Trumpism, development cooperation, and global (dis)order-making: decoding the New Washington Dissensus and the evolving norms of international aid
Sumner, Andy / Stephan KlingebielMitarbeiter sonstige (2025)
in: Stephan Klingebiel / Andy Sumner (eds.), Development and development policy in the Trump era, Bonn: German Institute of Development and Sustainability (IDOS), 11-15
DOI: https://doi.org/10.23661/idp23.2025
This paper examines the ideological and policy shifts in US development cooperation under the second Trump administration, and their implications for the international development landscape and global order.

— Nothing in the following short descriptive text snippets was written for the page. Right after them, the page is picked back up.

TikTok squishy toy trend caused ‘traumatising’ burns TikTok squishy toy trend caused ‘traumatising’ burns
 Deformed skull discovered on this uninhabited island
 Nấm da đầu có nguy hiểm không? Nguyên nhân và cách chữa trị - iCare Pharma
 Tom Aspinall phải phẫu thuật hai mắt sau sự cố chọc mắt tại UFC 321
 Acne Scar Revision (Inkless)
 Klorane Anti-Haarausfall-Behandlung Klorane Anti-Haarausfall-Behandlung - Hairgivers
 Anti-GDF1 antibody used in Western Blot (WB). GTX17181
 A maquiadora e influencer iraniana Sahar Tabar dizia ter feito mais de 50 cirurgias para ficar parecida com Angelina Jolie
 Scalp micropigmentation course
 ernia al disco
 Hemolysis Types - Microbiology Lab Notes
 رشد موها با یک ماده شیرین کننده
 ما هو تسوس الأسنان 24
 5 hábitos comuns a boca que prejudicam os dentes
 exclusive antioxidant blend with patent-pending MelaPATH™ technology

It argues that recent US actions – epitomised by a 36-question survey of the United States Agency for International Development (USAID) and the erasure of key development terms from federal documentation – signal a foundational challenge to international development cooperation norms. Five core principles underpinning an emerging “New Washington Dissensus” are identified: (1) dismantling global governance structures, (2) ideological policing through anti-“anti-Americanism”, (3) prioritising border security over traditional development goals, (4) rejecting climate and DEI (diversity, equity and inclusion) agendas and (5) demanding direct economic returns for the United States. These principles are not merely bureaucratic adjustments but represent the construction of a “nationalist conditionality regime” – a strategic reordering of aid to serve domestic political and economic priorities.